こうした剛結構造を採用した橋としては、平成12年に供用した国道399号奥軽井沢橋があります。
富久山大橋
また、長期耐久性を向上させるための施策として、塩化物イオン浸透抵抗性が高く、ASR抑制効果があるフライアッシュ(NEXCO東日本で採用実績のある原町火力発電所の4種灰を使用)を混合したコンクリートによる現場打ちRC床版の試験施工を実施予定です。本県は、沿岸部や積雪寒冷地における融雪剤散布により塩害により劣化が進行しやすい環境にあることから、塩害に対する耐久性向上に取り組むことでインフラ長寿命化を図る考えのもと、行っています。
――具体的な試験施工予定箇所は
曳地 熱塩加納山都西会津線の一ノ俣橋です。当該路線は、地域における重要な生活道路ですが、狭隘で車両のすれ違いが困難であることから、延長約1.3㎞の拡幅を行っているもので、その工区内に建設が進められている橋梁です。
一ノ俣橋
橋長・形式は43.8mの鋼単純非合成鈑桁橋で、喜多方市山都町一ノ木地内に建設を進めています。施工は2021年秋頃を予定しています。施工にあたっては日本大学工学部の岩城教授・子田教授を含めた関係者による専門技術委員会を立ち上げて実施しています。

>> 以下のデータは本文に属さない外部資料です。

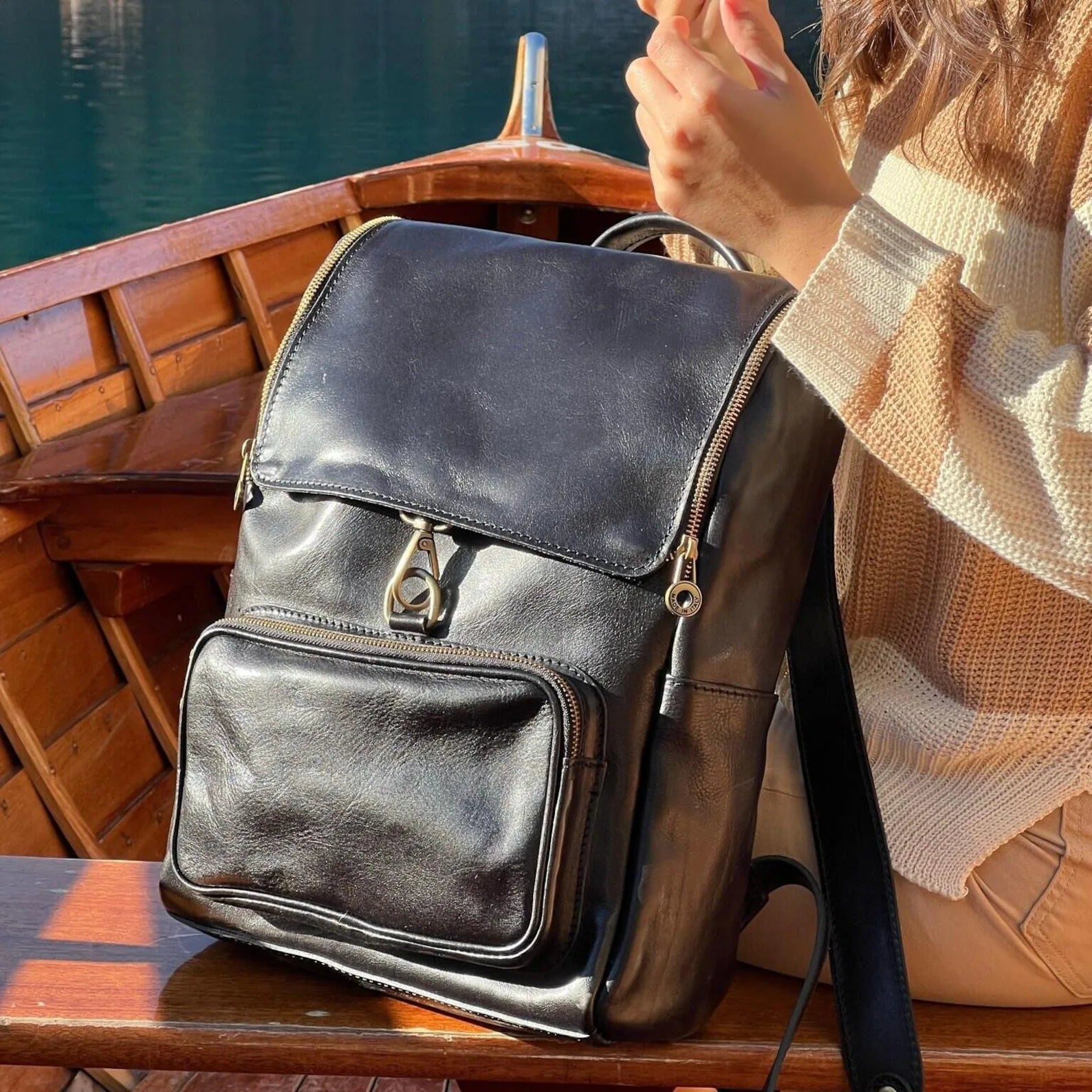 Leather Backpack - Travel Leather Rucksack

――特に建設中の長大・特殊橋などについてコンクリート橋関連では
曳地 建設中の長大橋梁としては下郷大橋があります。同橋は国道118号小沼崎BP事業(南会津郡下郷町大字小沼崎地内~同町大字高陦(たかしま)地内間延長1.53km、会津南縦貫道路の一部をなす)の阿賀川渡河部に建設されている橋梁です。現在の国道118号は線形が悪く、橋梁部では大型車同士のすれ違いが困難であり、斜面の一部には落石危険個所もあることから、安全確保と利便性向上ということでバイパス事業を進めているものです。
下郷大橋
同橋は完成すれば国内8番目の最大支間長となるRC固定アーチ橋であり、ピロンと呼ばれる塔を用いてアーチリブのコンクリートまたは鋼メラン(型枠)をPC鋼材で斜めに吊り上げて片持ち架設工法でバランスを取りながら架設するピロン・メラン工法により施工しています。
――橋長・形式は
曳地 橋長342.5mのRC固定アーチ橋(上路橋)で、現在は鋼メランの架設を行っている状況です。

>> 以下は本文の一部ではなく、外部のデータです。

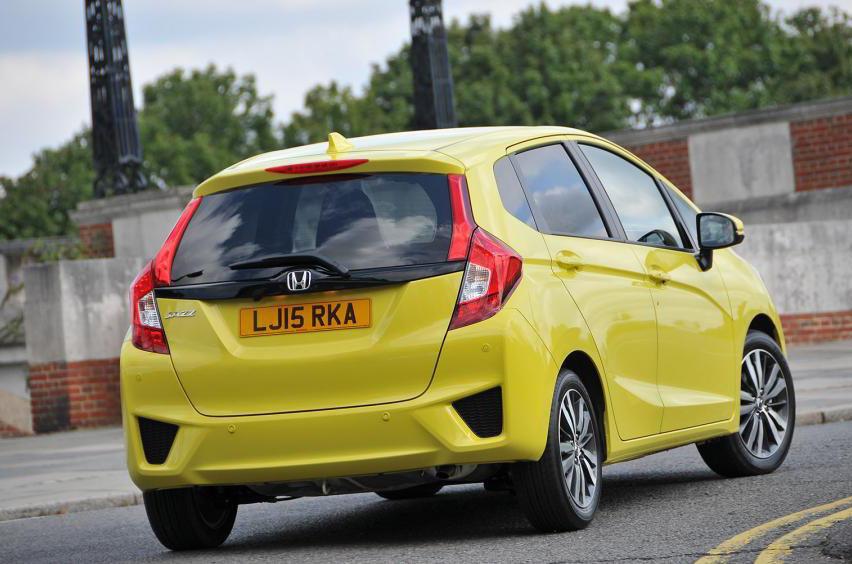 Honda Jazz rear cornering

――国道294号白河バイパス工区・白河バイパス北工区の進捗状況は
曳地 一般国道294号は、千葉県柏市を起点とし、福島県会津若松市に至る幹線道路です。白河バイパス工区・白河バイパス北工区は、白河市中心市街地を通過する現道が、幅員狭小、線形不良であり、交通の隘路となっていることから、全体延長4.1kmとしてバイパス整備を行っています。構造物延長は686.6m(全体延長比16.7%)となっております。
区間の主な構造物は2橋、トンネル1箇所です。
そのうち円明寺橋(プレテンPC単純中空床版橋、20.6m)はすでに施工を完了しており、現在は、小峰大橋(鋼3径間連続非合成箱桁、192.0m)と南湖トンネル(NATM工法、474.0m)を施工中です。南湖トンネルは覆工コンクリートまで完了しております。
南湖トンネルの施工状況(井手迫瑞樹撮影)
――通行不能区間でその解消のため具体的に施している施策は
曳地 冬季通行不能区間については、山岳部で積雪に伴う要因が大きいものですから、県としましては、峠部を解消するため、例えば国道401号博士峠において、全体延長7.5kmとして整備を進め、その解消を図っています。現在は工区の60%を占める長大な博士トンネル(約4.5㎞)を含め、トンネル前後の改良を施工中であります。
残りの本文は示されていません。